What's the medical breakthrough that could save the most lives in the U.S. over the next 10 years? In the 2020s, medical research will likely inch forward when it comes to major killers like heart disease and cancer. But the biggest potential to save lives could lie in learning to prevent suicide.
The rates of reported suicides have been creeping up over the last two decades. Even more disturbingly, the Centers for Disease Control and Prevention reports that the suicide death rate for teens increased 56% between 2007 and 2017. Rising suicide rates might be a result of many things — rising levels of despair, the opioid epidemic, greater access to guns, even the proliferation of internet groups that offer people advice on how to kill themselves. It could also be that more people are reporting suicides instead of concealing such deaths as accidents.

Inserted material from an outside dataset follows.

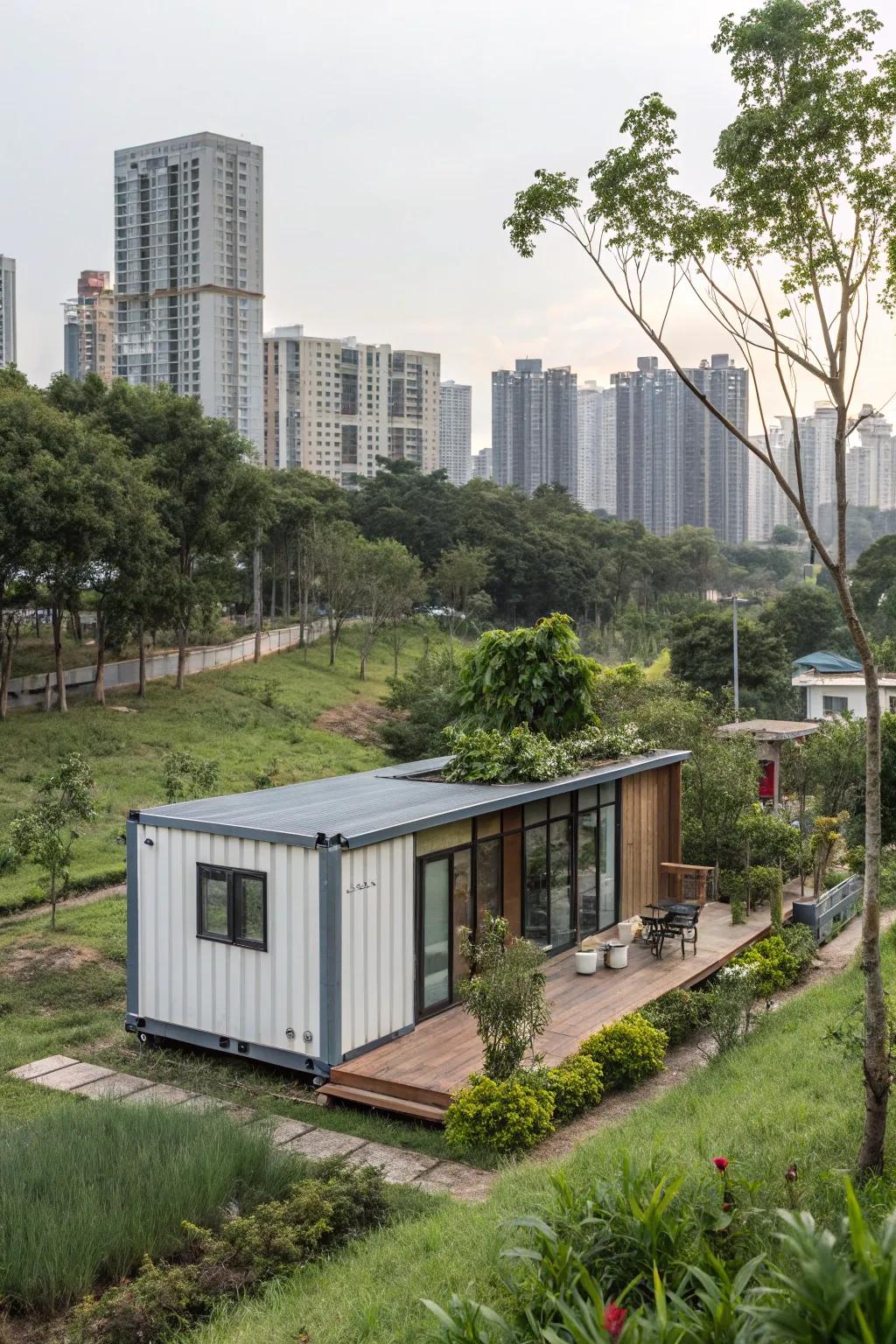 A container home that blends urban and rural environments seamlessly.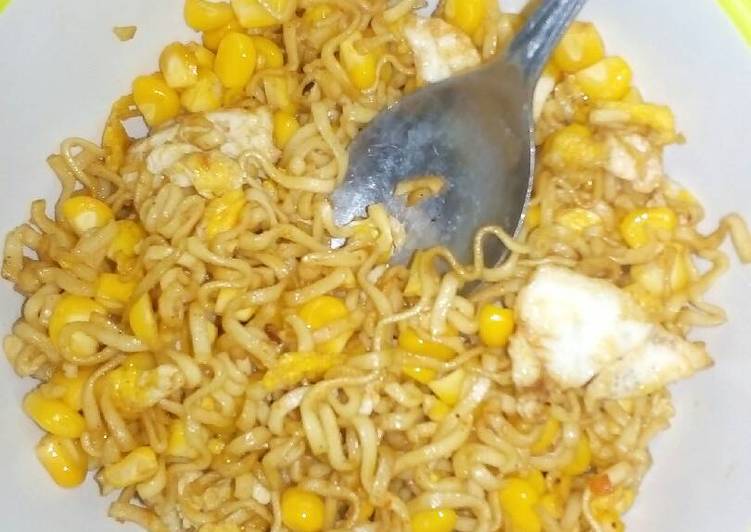 cara membuat Mie telur jagung manis (ala anak kos)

It's a surprisingly common form of death — more prevalent than homicide or automobile accidents. Unlike cancer and heart disease, which are leading causes of death among the old, suicide robs people of decades of life. According to CDC statistics, it is the second most prevalent cause of death, after accidents, for people between 10 and 34 and fourth for people between 34 and 54.
Because it hasn't been all that thoroughly studied as a medical problem, there's room to cut down on that death toll even without any remarkable technological breakthrough. A streamlined three-digit suicide hotline number, approved last month by FCC, could become one of the great public health measures of the century. Further out on the frontier, researchers are having some success using artificial intelligence to identify suicidal people — those whose lives might be saved by talk therapy or drugs.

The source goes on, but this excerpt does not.